KindleUnpack (MobiUnpack): Extracts text, images and metadata from Kindle/Mobi files - Page 10

avid-e-reader · 09-05-2011, 04:11 AM

(we crossed paths in the bitstream)
So if the kindlegensrc.zip is supposedly the source files, it is not the exact source files: the directory structure is modified, and the files are tweaked to reflect the changed directory structure.

Maybe exporting any unknown binary data into files would make disassembling it a bit easier, at least. I have no clue where the .ncx file goes, or what format it gets placed in (maybe Kovid does), but without any obvious way of looking at it, it is pretty hard to figure that out. Seems reasonably likely, if there are more binary pieces than mobiunpack presently ignores, that one (or more) of them probably is the .ncx data.

And maybe others would be the .mp3 files I was asking about earlier, although sadly adding .mp3 files is something that keeps slipping further out in my project list.

siebert · 09-05-2011, 04:12 AM

Quote:

Originally Posted by avid-e-reader

But here's something I don't understand: there is also a content.opf in the kindlegensrc.zip file, but it doesn't seem to match the one generated by mobiunpack.

The kindlegensrc.zip contains the (slightly modified) sources used by kindlegen to create the mobi file. The content of kindlegensrc.zip should be sufficient to recreate the mobi file (with the exception of some fields which are not created by kindlegen based on the source).

If you have a kindlegensrc.zip, you can just ignore the remaining output of mobiunpack.

Unfortunatly most mobi files don't contain the record which contains the kindlegensrc.zip, so using the content to improve the mobiunpack output won't help in most cases.

But at least the new mobiwriter in calibre should handle ncx files, so the calibre source should give the information how the ncx content is encoded in the mobi file.

Ciao,
Steffen

pdurrant · 09-05-2011, 04:17 AM

Quote:

Originally Posted by avid-e-reader

A little more info: the <manifest> tag should probably look like:

<item href="misc/toc.ncx" id="toc" media-type="application/x-dtbncx+xml" />

but with the file name possibly different in different cases, based on the actual .ncx file name found? But here's something I don't understand: there is also a content.opf in the kindlegensrc.zip file, but it doesn't seem to match the one generated by mobiunpack.

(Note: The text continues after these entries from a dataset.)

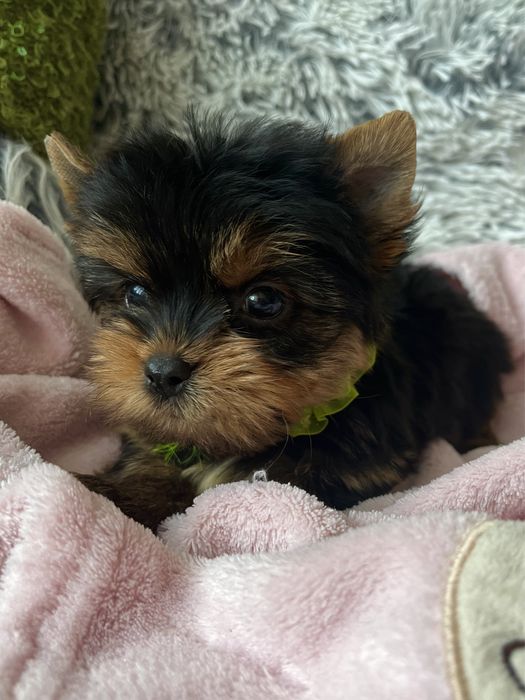 Красивенный МИНИ мальчик Йоркширский терьер
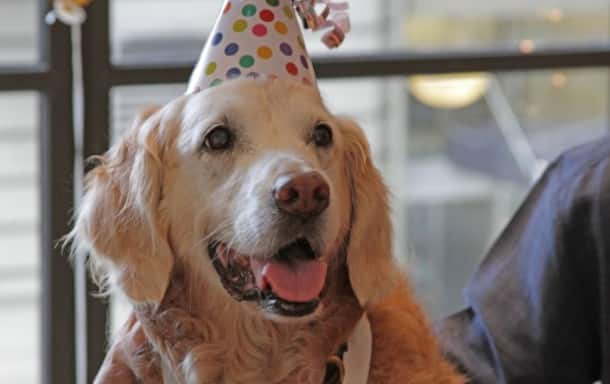birthday-portrait
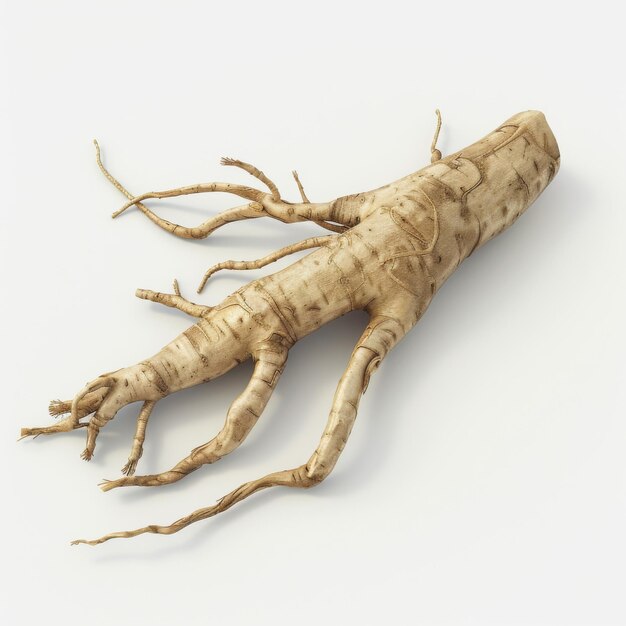 Foto representación detallada en 3d de una raíz de ginseng aislada sobre un fondo blanco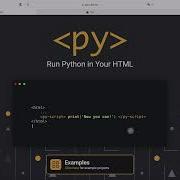 Embed Python Scripts In HTML With PyScript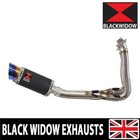 Daytona 660 2024 - 2025 Exhaust System Silencer End Can BL20R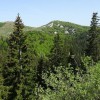 _zzzzzzvelebit__03_.jpg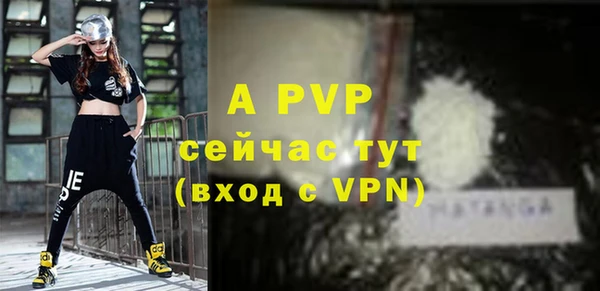 прущие грибы Медногорск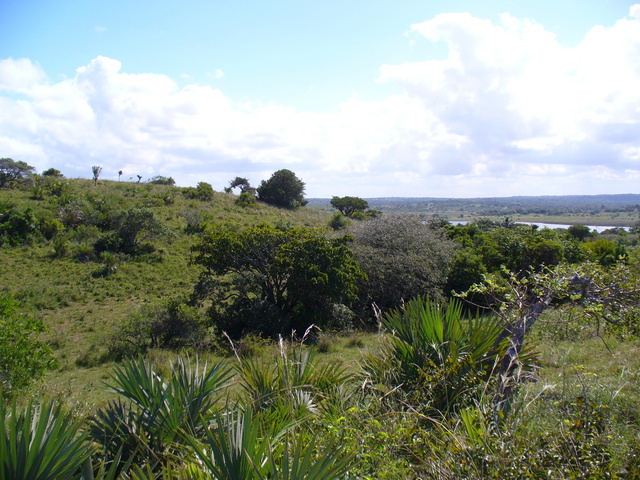View from the Confluence to the North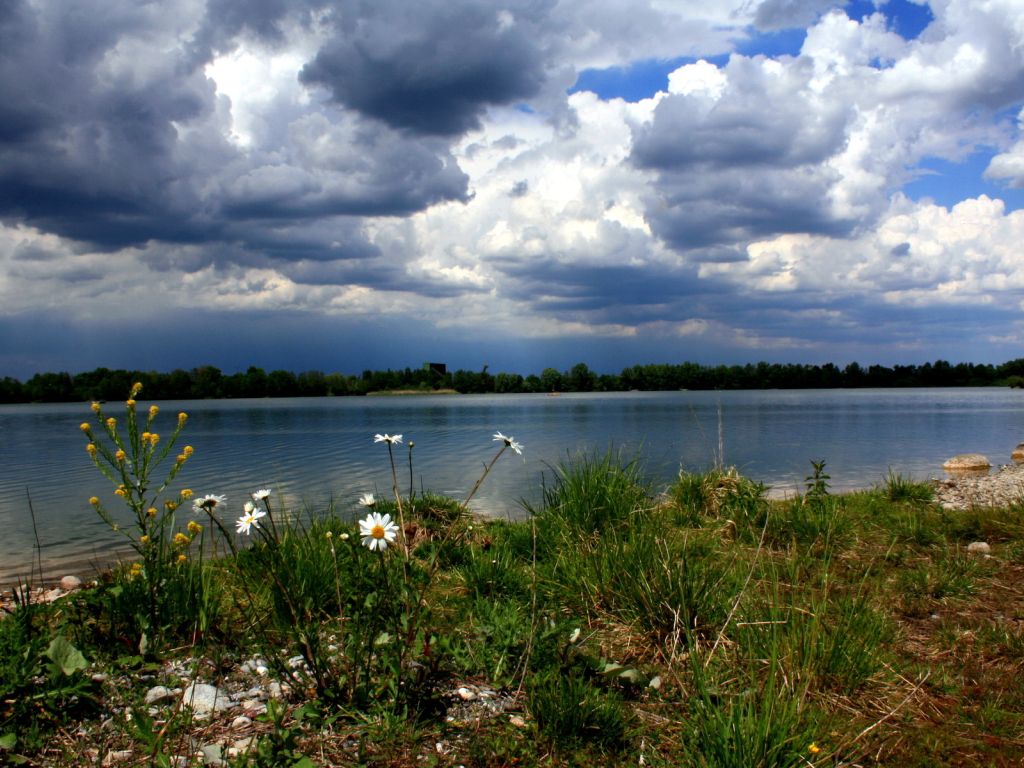 Lake With Rain Clouds and Flowers wallpaper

The kindlegensrc.zip file is just extracted from the penultimate record in the Kindle ebook. It's put in there by Kindlegen, but is not actually used by any rendering software.

All the other files generated by MobiUnpack are generated by decoding the info in the Kindle ebook. In particular, the opf file is put together from bit of info in the header, EXTH records, and even from the HTML. It should have most of the info in the original opf file, but not all that info will actually be contained in the Kindle ebook.

avid-e-reader · 09-05-2011, 04:21 AM

And regarding .mp3 files, here's a sample .mobi with .mp3 that I got from somewhere, maybe with the Kindlegen documentation?

pdurrant · 09-05-2011, 04:22 AM

Quote:

Originally Posted by siebert

But at least the new mobiwriter in calibre should handle ncx files, so the calibre source should give the information how the ncx content is encoded in the mobi file.

Oooo... I wonder if the developer of that has documented it in the wiki? That would make life easier. Hmm.. apparently not. When I have some spare time I'll check the calibre sources.

siebert · 09-05-2011, 04:27 AM

Quote:

Originally Posted by pdurrant

Oooo... I wonder if the developer of that has documented it in the wiki? That would make life easier. Hmm.. apparently not. When I have some spare time I'll check the calibre sources.

As calibre can also decode a mobi, there might even exist some python code in calibre which creates the ncx file from an existing mobi.

Ciao,
Steffen

siebert · 09-05-2011, 04:30 AM

Quote:

Originally Posted by avid-e-reader

And regarding .mp3 files, here's a sample .mobi with .mp3 that I got from somewhere, maybe with the Kindlegen documentation?

While reverse-engineering should be possible having the mobi only, it would be much easier if you could provide the sources for an example book which contains a mp3 file, as someone could build two mobi files from the source (one with mp3 and one without) and analyse the differences to learn how mp3 support is encoded.

Ciao,
Steffen

avid-e-reader · 09-05-2011, 04:44 AM

The source was just an .html file and a .mp3 file (in a subdirectory named multimedia). Attached as a .zip.

DaleDe · 09-05-2011, 10:57 AM

Quote:

Originally Posted by avid-e-reader

A little more info: the <manifest> tag should probably look like:

<item href="misc/toc.ncx" id="toc" media-type="application/x-dtbncx+xml" />

but with the file name possibly different in different cases, based on the actual .ncx file name found? But here's something I don't understand: there is also a content.opf in the kindlegensrc.zip file, but it doesn't seem to match the one generated by mobiunpack.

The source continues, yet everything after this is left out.